Kejati Gagal Eksekusi Sahran Umasugy
KABARTIMURNEWS.COM, AMBON - Dua tersangka perkara korupsi proyek Reklamasi Pantai Namlea Sri Julianti dan Muhammad Ridwan Pattilouw akhirnya digelandang ke Rutan Waiheru. Namun dalang perkaranya, Sahran Umasugy dan Memed Duwila Kejati Maluku ‘gagal’ menahan mereka.
Belum diketahui pasti penyebab kegagalan Kejati Maluku mengeksekusi dua aktor korupsi proyek tahun 2015-2016 senilai Rp 8 miliar lebih itu. Kepala Kejati Maluku Triyono Haryono hanya berdalih, mereka mangkir dari panggilan, ketika hendak dieksekusi, kemarin.

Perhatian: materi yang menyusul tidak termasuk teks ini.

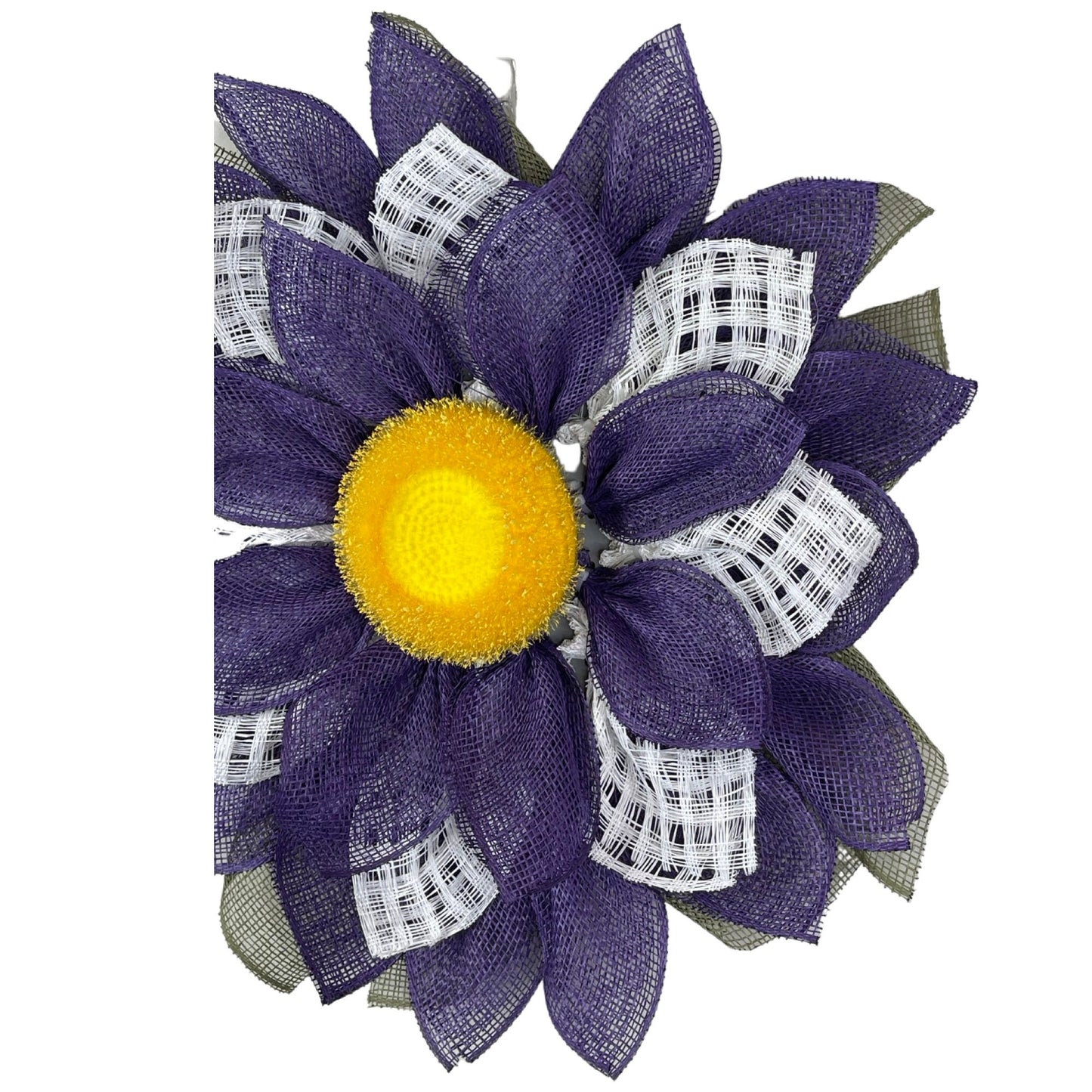 Flat purple and white flower wreath, flower wreath poly burlap, flower wreath front door, purple and white screen door flower wreath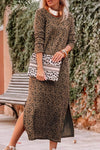 Round Neck Leopard Print Long Sleeve Slit Dress Leopard Casual Dresses - Tophatter Daily Deals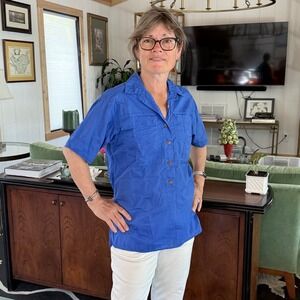 J.Crew‎ Women's XS Cobalt Blue Short Sleeve Button Front PULLOVER Shirt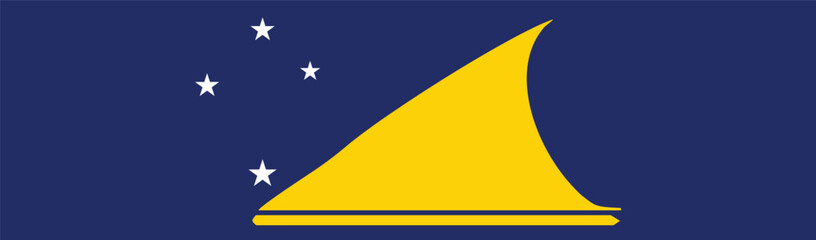 Flag of Tokelau. Tokelau flag long banner digital vector illustration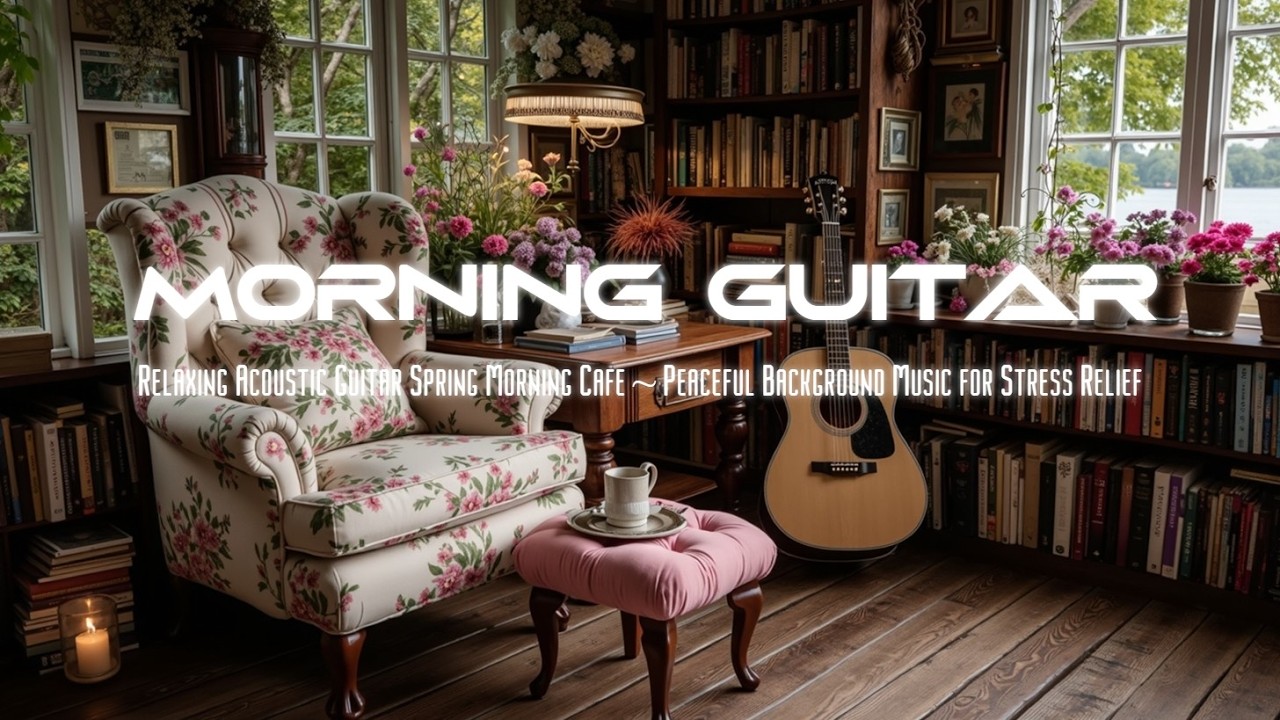 Relaxing Acoustic Guitar Spring Morning Cafe ~ Peaceful Background Music for Stress Relief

“Sedangkan tersangka Sahran Umasugy dan Muhammad Duwila tak menghadiri panggilan. Tanpa alasan,” akui Triyono kepada wartawan sesaat usai Sri Julianti dan Ridwan Pattilouw digelandang ke Rutan Waiheru.

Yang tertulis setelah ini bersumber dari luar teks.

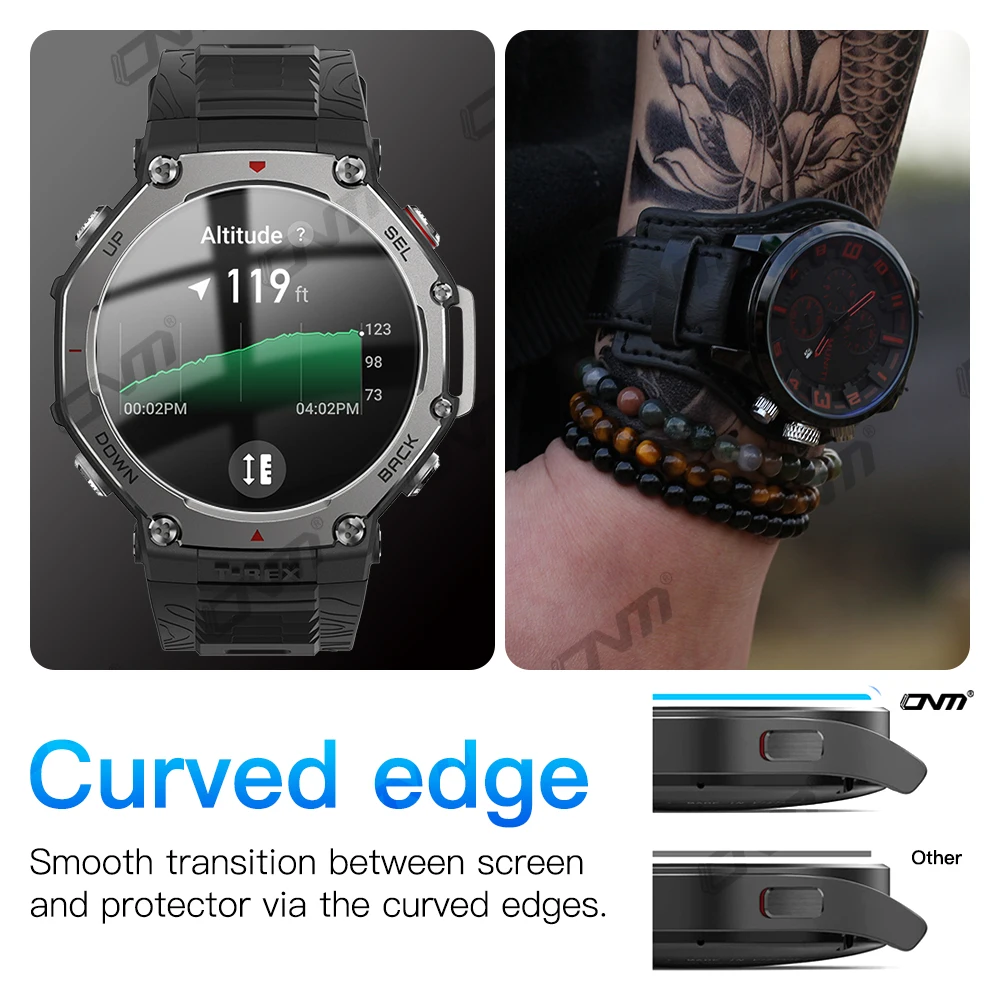 Amazfit T-Rex 3 스크린 보호대 강화 유리 스크래치 방지 필름, 9H 경도, Amazfit Trex 3 액세서리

Tersangka Sri Jurianty didampingi kuasa hukumnya Fachri Bachmid. Sedangkan tersangka Muhammad Ridwan Pattipelouw didampingi kuasa hukumnya Waremon Tasidjawa
Tersangka Sri Jurianty dititipkan di Lapas Nania blok perempuan dan anak. Sedangkan Muhammad Ridwan Pattipelouw ditahan di rutan lapas kelas II A Ambon.

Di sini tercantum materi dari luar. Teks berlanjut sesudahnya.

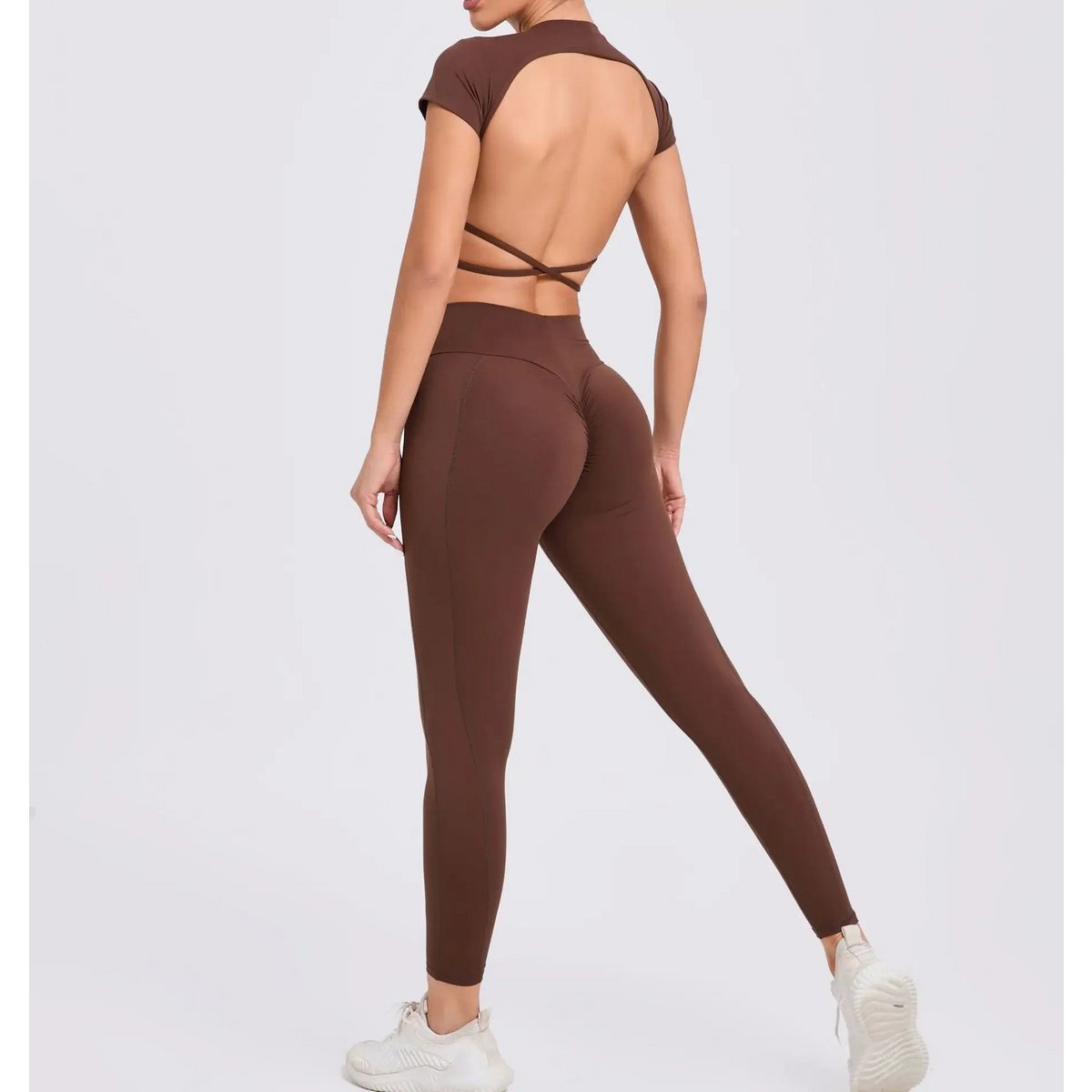 Cross Backless Sporty Set Women 2 Piece Sportswear Short Sleeve Training Suit for Fitness Yoga Wear Female Gym Workout Clothes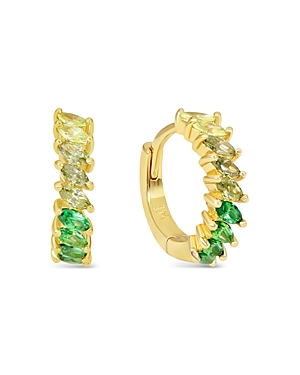 Shop Jackie Mack Designs Harp Cubic Zirconia Marquis Small Hoop Earrings In Green/gold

Sekadar tahu saja, khusus Sahran Umasugy, selama proses penyidikan perkaranya di Kejati, yang bersangkutan kerap tak memenuhi panggilan penyidik. Dia juga terkesan tidak kooperatif dari sisi pengembalian uang kerugian negara.
Mantan Kasipidsus Kejati, Abdul Hakim sebelum digantikan oleh Kasipidsus yang sekarang, Yeochen Almahdaly kala memimpin timnya melakukan penyidikan menyebutkan, Sahran Umasugy baru mengembalikan uang negara senilai Rp 50 juta. Abdul Hakim juga sempat menyebutkan nilai kerugian keuangan negara hasil perhitungan jaksa jaksa mencapai Rp 3 miliar.
Menurut Hakim, nilai tersebut bisa jadi lebih besar lagi dengan alasan, BPK RI ketika melakukan on the spot di Namlea, lebih teliti sebab dilengkapi peralatan canggih. Dengan begitu, auditor BPK RI lebih mampu mengkover secara detail semua item pekerjaan yang diduga berkontribusi pada nilai kerugian negara.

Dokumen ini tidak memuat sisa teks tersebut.